Archive | 2021
An evidence synthesis approach for combining different data sources illustrated using entomological efficacy of insecticides for indoor residual spraying
Background: Prospective malaria public health interventions are initially tested for entomological impact using standardised experimental hut trials. In some cases, data are collated as aggregated counts of potential outcomes from mosquito feeding attempts given the presence of an insecticidal intervention. Comprehensive data i.e. full breakdowns of probable outcomes of mosquito feeding attempts, are more rarely available. Bayesian evidence synthesis is a framework that explicitly combines data sources to enable the joint estimation of parameters and their uncertainties. The aggregated and comprehensive data can be combined using an evidence synthesis approach to enhance our inference about the potential impact of vector control products across different settings over time. Methods: Aggregated and comprehensive data from a meta-analysis of the impact of Actellic 300CS (Syngenta), an indoor residual spray (IRS) product, used on wall surfaces to kill mosquitoes and reduce malaria transmission, were analysed using a series of statistical models to understand the benefits and limitations of each. Results: Many more data are available in aggregated format (N = 23 datasets, 5 studies) relative to comprehensive format (N = 3 datasets, 2 studies). The evidence synthesis model was most robust at predicting the probability of mosquitoes dying or surviving and blood-feeding.
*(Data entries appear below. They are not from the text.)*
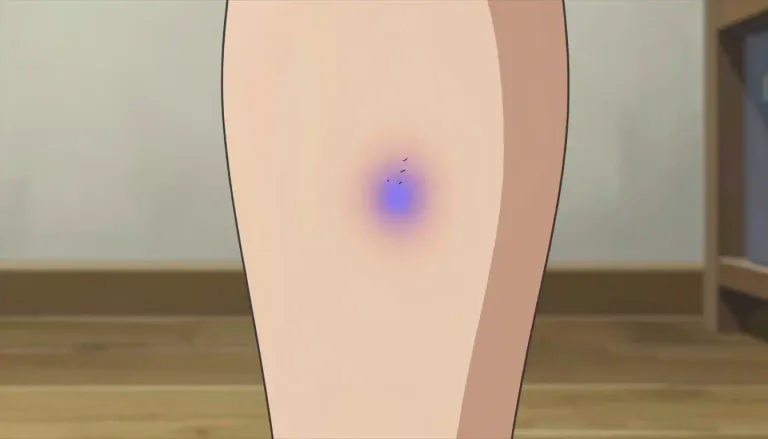 Visual representation of "bruise" - A mark on your skin caused by an injury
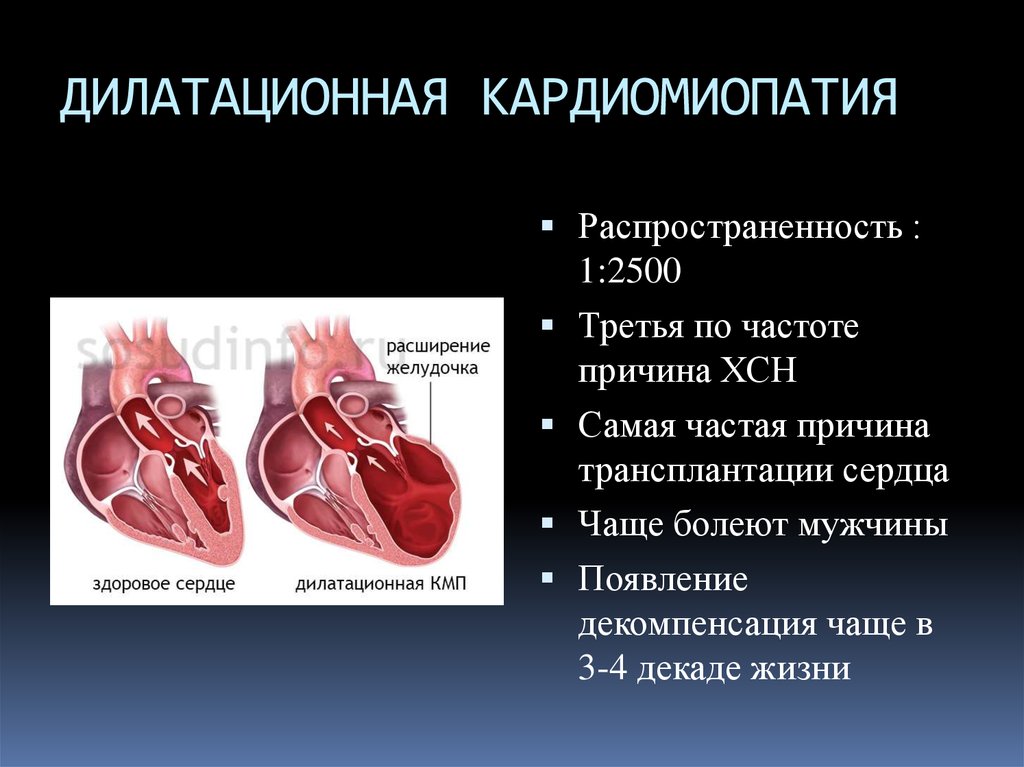Кардиомиопатия (кмп). классификация кардиомиопатий. диагностика и лечение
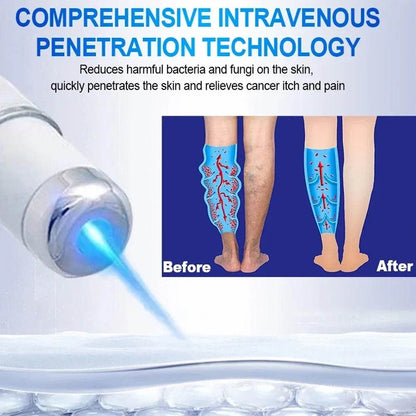 Laser Therapy For Blue Light Pen - FLORANZANI- Beauté & Santé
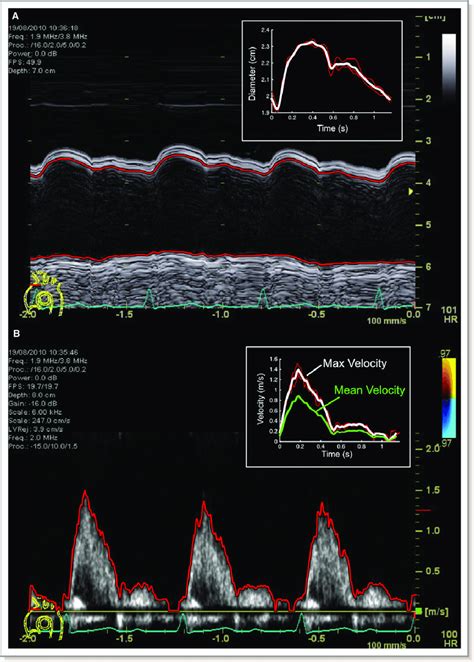 M Mode Echocardiographic Still Image Of Aortic Arch Diameter A And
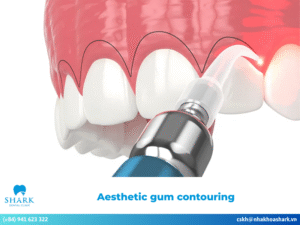 Aesthetic gum contouring: Who is it suitable for? Procedure details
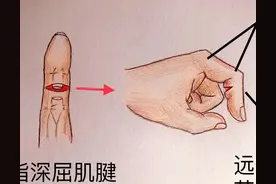 手被割伤了要紧吗：图解日常手部外伤图片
Generating odds ratios from the correlated Bernoulli random sample indicates that when mortality and blood-feeding are positively correlated, as exhibited in our data, the number of successfully fed mosquitoes will be under-estimated. Analysis of either dataset alone is problematic because aggregated data require an assumption of independence and there are few and variable data in the comprehensive format. Conclusions: We developed an approach to combine sources from trials to maximise the inference that can be made from such data. Bayesian evidence synthesis enables inference from multiple datasets simultaneously to give a more informative result and highlight conflicts between sources. Advantages and limitations of these models are discussed.